Who would have thought that the two most important climate developments of 2010 would, on the surface, have nothing to do with climate change? First, on Tuesday, Republican Scott Brown won the election in Massachusetts to fill Senator Kennedy’s former seat and became the “41st vote” against not only health care, but cap-and-trade legislation in Congress.
Today, in an even more important development, the Supreme Court overturned two precedents and swept aside a “century-old understanding” to allow corporate spending in elections. In the words of Barack Obama,
“With its ruling today, the Supreme Court has given a green light to a new stampede of special interest money in our politics. It is a major victory for big oil, Wall Street banks, health insurance companies and the other powerful interests that marshal their power every day in Washington to drown out the voices of everyday Americans.”

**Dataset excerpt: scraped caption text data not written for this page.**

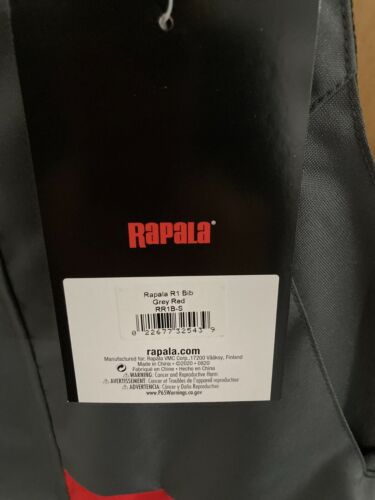 Rapala Rain Men's S BIBS Red/Black RR1B-S New w/Tags - Picture 2 of 3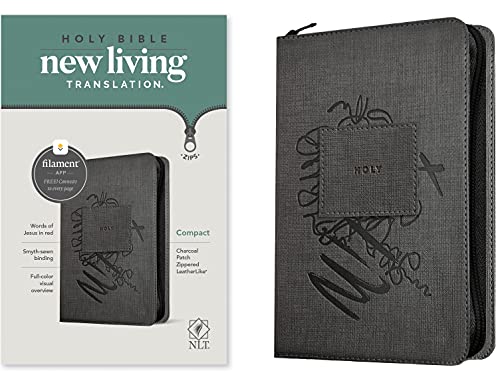 NLT Compact Zipper Bible, Filament Enabled Edition, Charcoal: New Living Translation, Filament Enabled Edition, Charcoal Patch, Leatherlike, With Zipper, Red Letter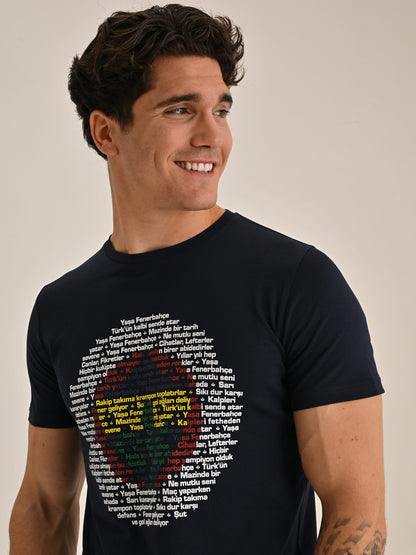 Fenerbahçe Lacivert Tribün Marş Logo Erkek Tshirt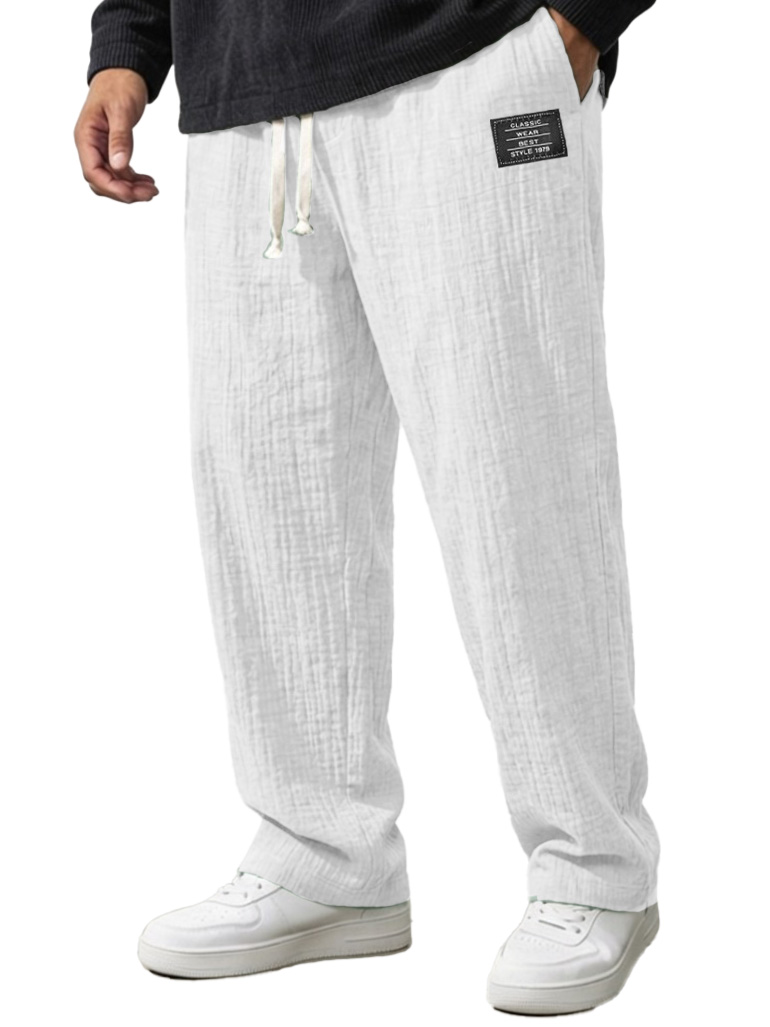 Men's Fashionable Casual Bubble-Crinkled Fabric Loose-Fit Pocket Trousers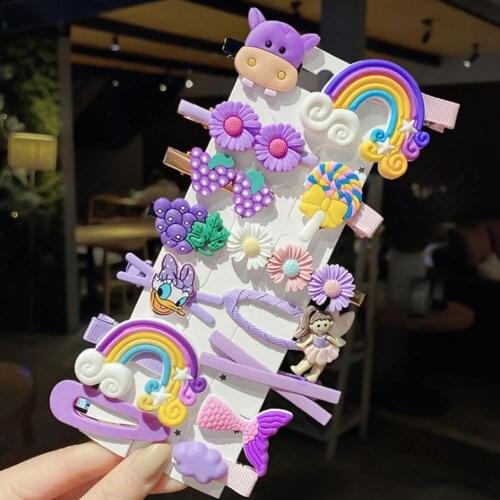 14 Pcs Fruit Cow Butterfly Hair Clips Purple Cartoon Sweet Cute Hairpin Girl Rainbow Flowers Cloud Hair Dress Hair Accessories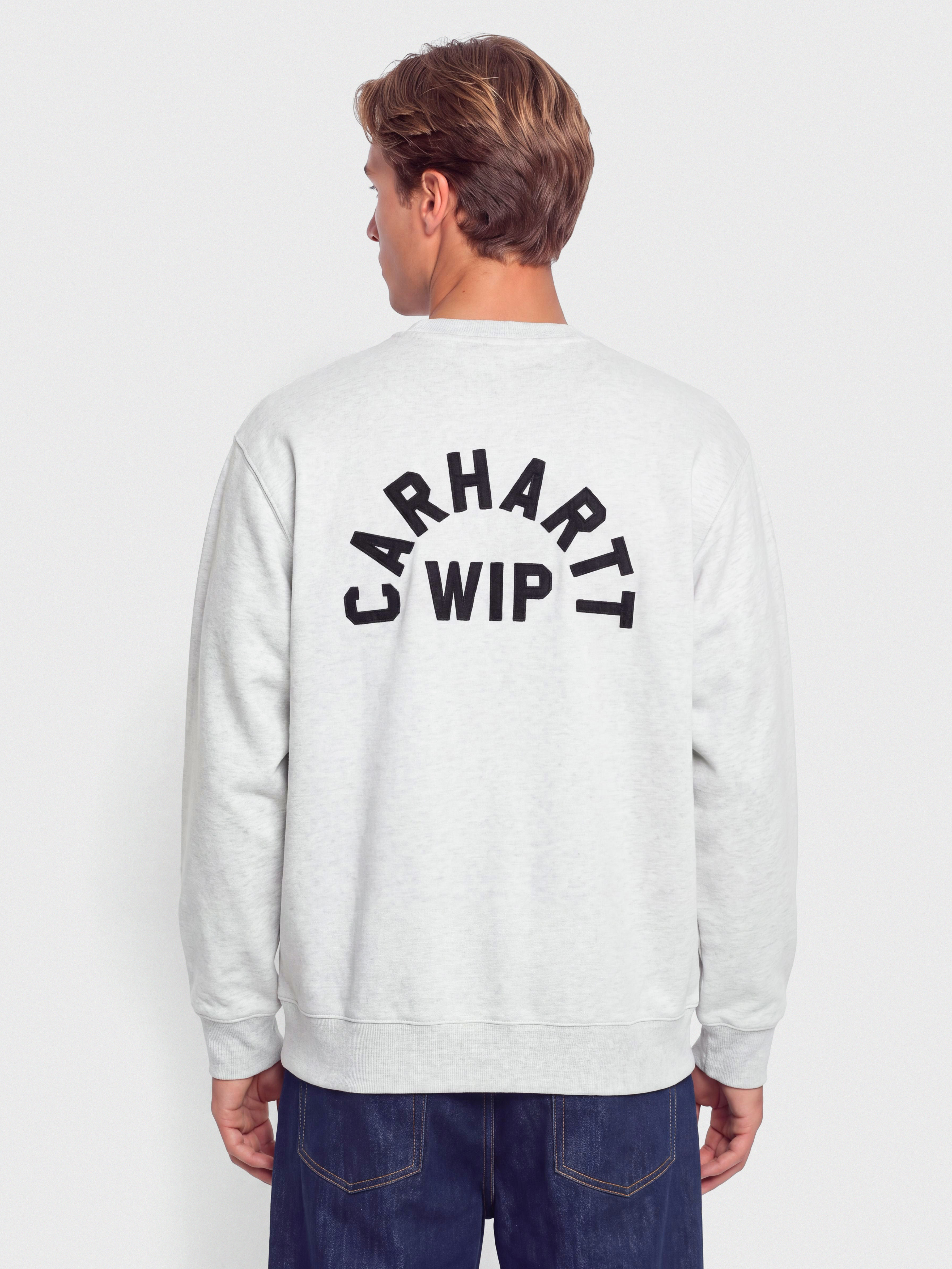 Mikina Carhartt WIP Arch Script (ash heather/dark navy/stone washed)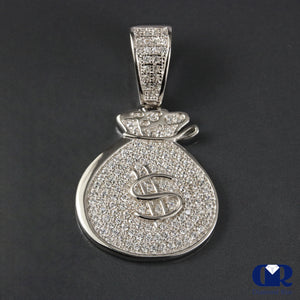 Natural Diamond Dollar Sign Pendant Necklace 0.75 Carat 14K Gold W/Chain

That doesn’t sound good at all, does it? In a time when anti-corporate/anti-big bank fervor has never been higher, I think this decision is a watershed moment: not only a sign of how powerful our opposition is, but also an opportunity for the climate movement to think hard about how to tap into American’s mistrust of big-business and corporations to further a clean energy and climate agenda.
What do you think? Are we targeting big coal and big oil enough? Is an oppositional strategy the wrong way forward? How can we counter what will be a massive influx of special interest money in the 2010 elections? Or is this all a bunch of malarkey and we should really just go back to changing light bulbs?